Solving for the time the ball has fallen
t = sqrt ((2 * height) / g)
t = sqrt((2 * 1.5 m) / 9.8 m/s^2)
t = sqrt ( 3.0 m / 9.8 m/s^2)
t = sqrt ( 0.3061)
t = 0.553 seconds
Solving for the horizontal and vertical velocities velocity
For the horizontal velocity it is already given. Vx = 2.5 m/s.
Solving for the final vertical velocity
Vfy = g * t where Vfy is the final vertical velocity, g = 9.8 m.s^2 and t = 0.553 seconds.

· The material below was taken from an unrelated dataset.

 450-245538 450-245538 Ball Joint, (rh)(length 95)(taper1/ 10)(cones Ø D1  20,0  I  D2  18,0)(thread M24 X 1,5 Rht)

Vfy = 9.8 m.s^2 * 0.553 s = 5.42 m/s
Solving for the combined velocities V
V^2 = Vx^2 + Vfy^2
V^2 = (2.5 m/s)^2 + (5.42)^2
V^2 = 35.63 (m/s)^2
V = sqrt (35.63)
V = 5.97 m/s
Calculating the horizontal distance of the ball from the edge of the table
dx = Vx * t
dx = 2.5 m/s * 0.553 s
dx = 1.38 m
With what velocity does it strike the ground?
The velocity of the ball upon striking the ground is 5.97 m/s.
How far from the edge of the table did it land on the floor?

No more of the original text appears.